Wirtschaftspsychologie
Michèl Taleb • 2. September 2024

Psychologische Sicherheit am Arbeitsplatz

Was ist psychologische Sicherheit?

Psychologische Sicherheit ist das Gefühl, dass Mitarbeiter ihre Meinungen, Ideen, Kritik oder Fragen offen äußern können, ohne Angst vor negativen Konsequenzen zu haben. Man könnte sagen, es herrscht ein Klima, in dem jeder seine Gedanken und Gefühle teilen kann, ohne befürchten zu müssen persönlich abgelehnt zu werden.

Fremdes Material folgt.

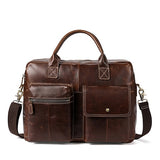 Westal Men'S Briefcases For Lawyer Genuine Leather Messenger Bag Men Leather Laptop 14 Computer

In einem Umfeld mit hoher psychologischer Sicherheit werden verschiedene Perspektiven geschätzt.

Mitarbeiter sind eher bereit, konstruktives Feedback zu geben und anzunehmen – das hilft allen dabei, gemeinsam zu lernen und sich weiterzuentwickeln.

Die psychologische Sicherheit eines Teams wird von der Führungskraft, dem Teamklima und der Unternehmenskultur beeinflusst.


Wichtig ist auch:

Psychologische Sicherheit entsteht nicht einfach so; sie muss in jedem Team individuell entwickelt und gefördert werden.

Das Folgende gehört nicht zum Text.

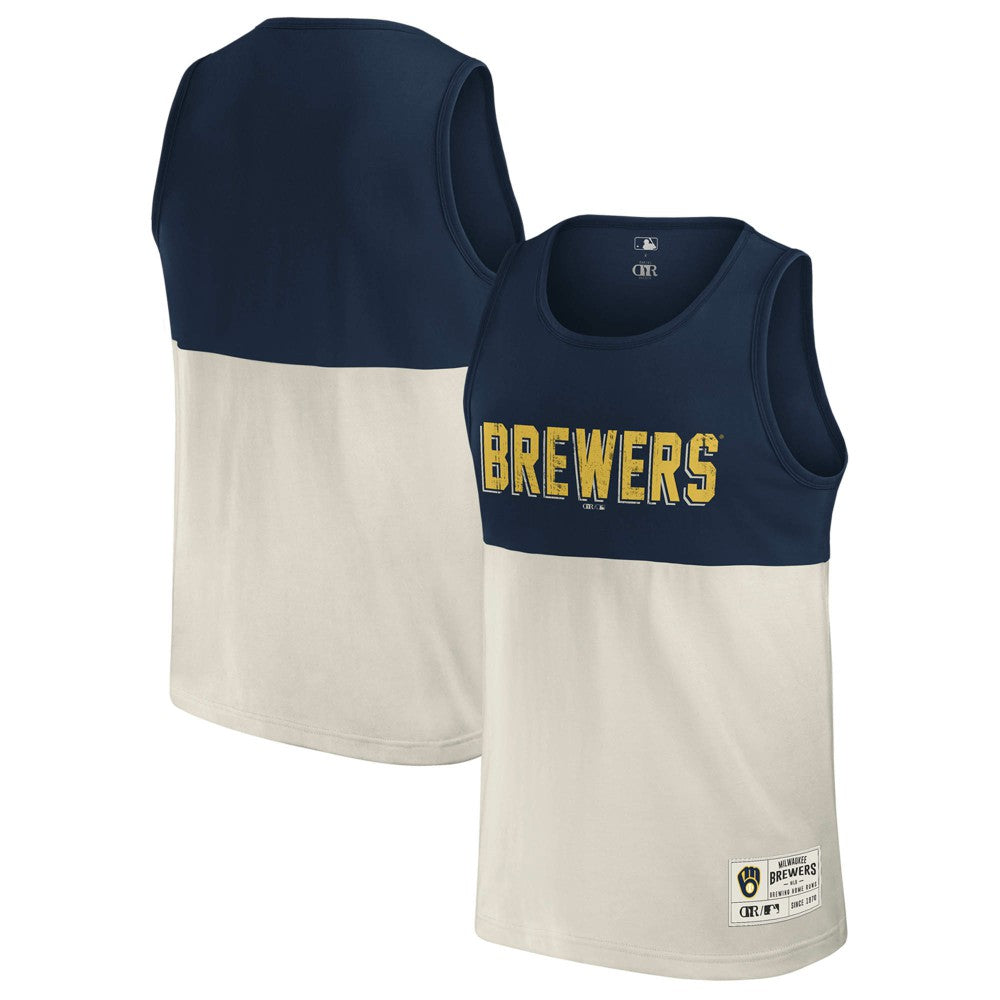 Milwaukee Brewers Darius Rucker Collection Colorblock Tank Top - Navy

Das Spannende daran ist, dass psychologische Sicherheit nicht von der Persönlichkeit eines Mitarbeiters abhängt. Vielmehr ist sie eine Eigenschaft des Arbeitsplatzes selbst.

Das Konzept stammt von der Organisationspsychologin Amy Edmondson, die bereits 1999 damit begann, darüber zu forschen und zu schreiben. Sie hat herausgefunden, dass eine sichere Arbeitsumgebung es den Menschen erleichtert, zwischenmenschliche Risiken einzugehen.


Vertrauen und psychologische Sicherheit sollten nicht verwechselt werden. Vertrauen kann zwar hilfreich sein, um psychologische Sicherheit aufzubauen, aber die beiden Begriffe sind nicht dasselbe. Vertrauen bezieht sich auf die Beziehung zwischen zwei Personen, während psychologische Sicherheit das gesamte Team betrifft.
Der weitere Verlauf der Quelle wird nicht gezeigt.